7.7 Learning as Refining the Hypothesis Space

So far, learning is either choosing the best representation - for example, the best decision tree or the best values for parameters in a neural network - or predicting the value of the target features of a new case from a database of previous cases. This section considers a different notion of learning, namely learning as delineating those hypotheses that are consistent with the examples. Rather than choosing a hypothesis, the aim is to find all hypotheses that are consistent. This investigation will shed light on the role of a bias and provide a mechanism for a theoretical analysis of the learning problem.

We make three assumptions:

  • There is a single target feature, Y, that is Boolean. This is not really a restriction for classification, because any discrete feature can be made into Boolean features using indicator variables.
  • The hypotheses make definitive predictions, predicting true or false for each example, rather than probabilistic prediction.
  • There is no noise in the data.

Given these assumptions, it is possible to write a hypothesis in terms of a proposition, where the primitive propositions are assignments to the input features.

Example 7.22: The decision tree of Figure 7.4 can be seen as a representation reads defined by the proposition
pval(e,Reads)=val(e,Short)∧(val(e,New)∨ val(e,Known)) .

For the rest of this section, we write this more simply as

reads ↔short ∧(new ∨ known) .

The goal is to try to find a proposition on the input features that correctly classifies the training examples.

Example 7.23: Consider the trading agent trying to infer which books or articles the user reads based on keywords supplied in the article. Suppose the learning agent has the following data:
article Crime Academic Local Music Reads
a1 true false false true true
a2 true false false false true
a3 false true false false false
a4 false false true false false
a5 true true false false true

The aim is to learn which articles the user reads.
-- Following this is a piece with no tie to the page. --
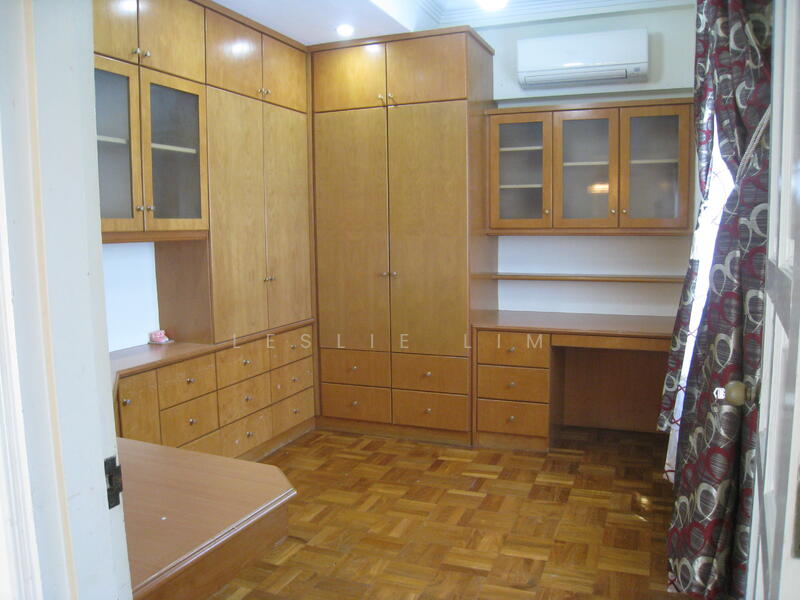 Common Bedroom 3 / Study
In this example, reads is the target feature, and the aim is to find a definition such as

reads ↔crime ∧(¬academic ∨ ¬music) .

This definition may be used to classify the training examples as well as future examples.
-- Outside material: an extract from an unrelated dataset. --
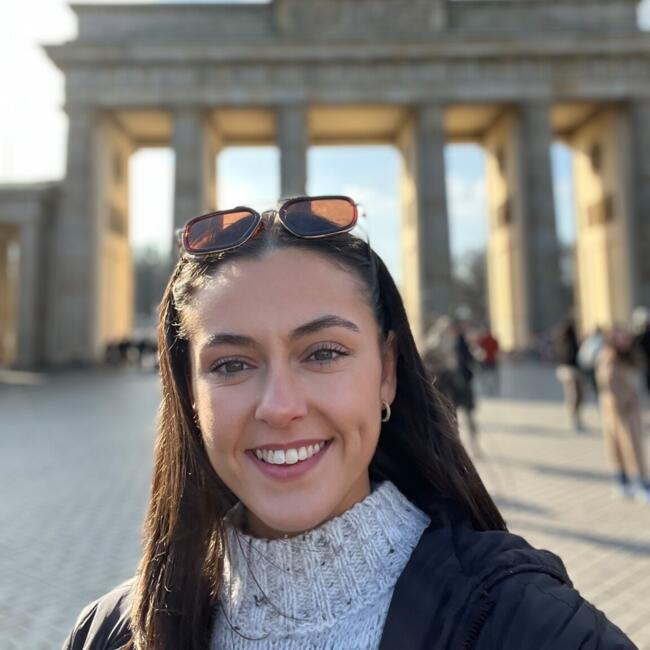 Babysitter in London: Shauna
Hypothesis space learning assumes the following sets:

  • I, the instance space, is the set of all possible examples.
  • H, the hypothesis space, is a set of Boolean functions on the input features.
  • E⊆I is the set of training examples. Values for the input features and the target feature are given for the training example.

If h∈H and i∈I, we write h(i) to mean the value that h predicts for i on the target variable Y.
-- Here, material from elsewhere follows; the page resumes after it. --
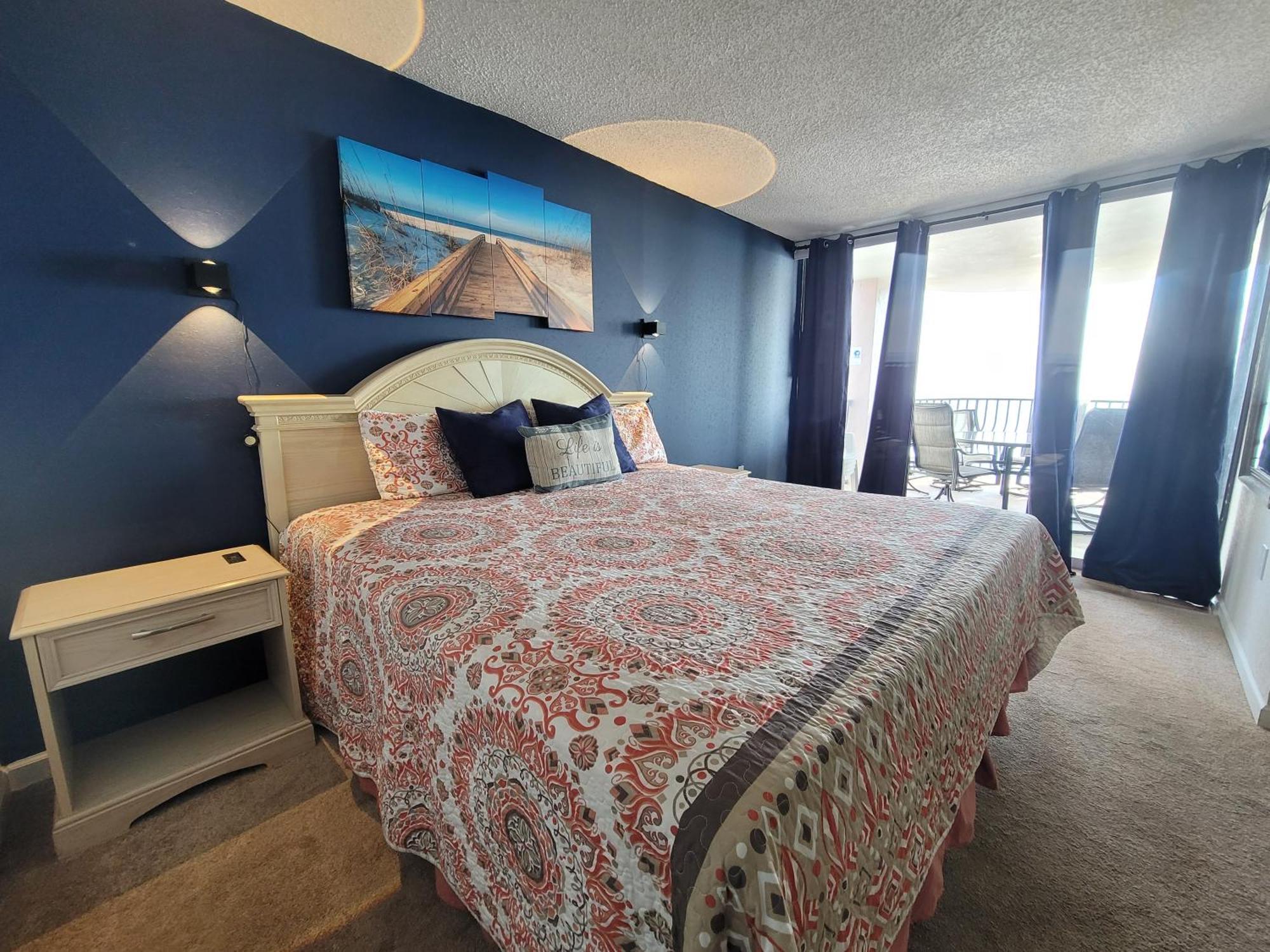 Ocean Front, Private Balconies Aparthotel *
Example 7.24: In Example 7.23, I is the set of the 25=32 possible examples, one for each combination of values for the features.

The hypothesis space H could be all Boolean combinations of the input features or could be more restricted, such as conjunctions or propositions defined in terms of fewer than three features.

In Example 7.23, the training examples are E={a1,a2,a3,a4,a5}. The target feature is Reads. Because the table specifies some of the values of this feature, and the learner will make predictions on unseen cases, the learner requires a bias. In hypothesis space learning, the bias is imposed by the hypothesis space.

Hypothesis h is consistent with a set of training examples E if ∀e ∈E, h accurately predicts the target feature of e. That is, h(e)=val(e,Y); the predicted value is the same as the actual value for each example. The problem is to find the subset of H or just an element of H consistent with all of the training examples.

Example 7.25: Consider the data of Example 7.23, and suppose H is the set of conjunctions of literals. An example hypothesis in H that is consistent with {a1} is ¬academic ∧music. This hypothesis means that the person reads an article if and only if ¬academic ∧music is true of the article. This concept is not the target concept because it is inconsistent with {a1,a2}.